Just a curious mathematical result

[Valentin Albillo]

Hi all,

Just to let you know about a curious mathematical result I discovered recently. In radians:

      Sin(9*(Sin(1) + Cos(40))) =    0.999999999999999830826985368...

which differs from the integer 1 by about 1e16. If you compute it on a 12-digit machine (such as the HP-71B) y will probable get evaluated as exactly 1. The correct value requires more than 12 digits, in a pinch the Windows calculator will do.

¿ Nice, isn't it ?

V.
.

[Carsen]

This little problem makes me appreciate Longfloat and newRPL very much.

[Valentin Albillo]

(03-05-2018 11:08 PM)Mike (Stgt) Wrote:  Should be added here.
Ciao.....Mike

(sorry for the typos there in my original post, virtual keyboards can be a chore and I didn't have time to properly proofread)

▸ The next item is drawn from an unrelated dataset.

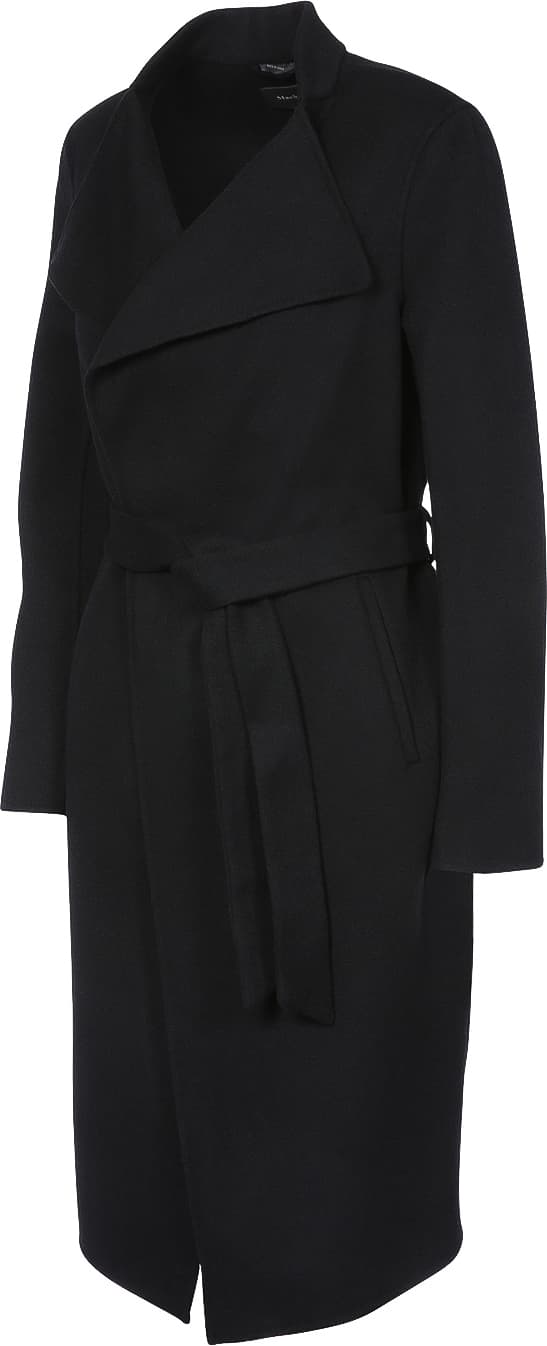 Product gallery image number 4 for product Leora Wool Belted Coat - Women's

Yes, I think you're right so I've just contacted the people in charge of the web page you mentioned to let them know and perhaps consider including it there.

By the way, Mike, did you have a look at the PDF document I suggested in my reply to your post on Namir's thread, namely:

AMS - Computing square root of 2 to 1,000,000 digits

The document discusses algorithms used in the past to compute square roots to thousands of digits and in particular the one used to reach 1,000,000 digits.

Also, to check your very own implementation simply google "square root of 2 to 1 million digits" and you'll immediately find a link to the full result.

Regards.
V.
.

[pier4r]

A question would be. How did you get that formula in the first place? It is not a common one.

[DA74254]

Works on SM DM42 but gives "1" in Prime "home" rpn and "1." in Prime CAS

[TheKaneB]

(03-06-2018 01:59 PM)DA74254 Wrote:  Works on SM DM42 but gives "1" in Prime "home" rpn and "1." in Prime CAS

Well, it's the correct answer given the HP Prime's number of digits / bits in the two modes.

[Jake Schwartz]

...and the WP-34S in double-precision mode yields
0.9999999999999998308269853686957601


Jake

[DA74254]

(03-06-2018 02:10 PM)TheKaneB Wrote:  

(03-06-2018 01:59 PM)DA74254 Wrote:  Works on SM DM42 but gives "1" in Prime "home" rpn and "1." in Prime CAS

Well, it's the correct answer given the HP Prime's number of digits / bits in the two modes.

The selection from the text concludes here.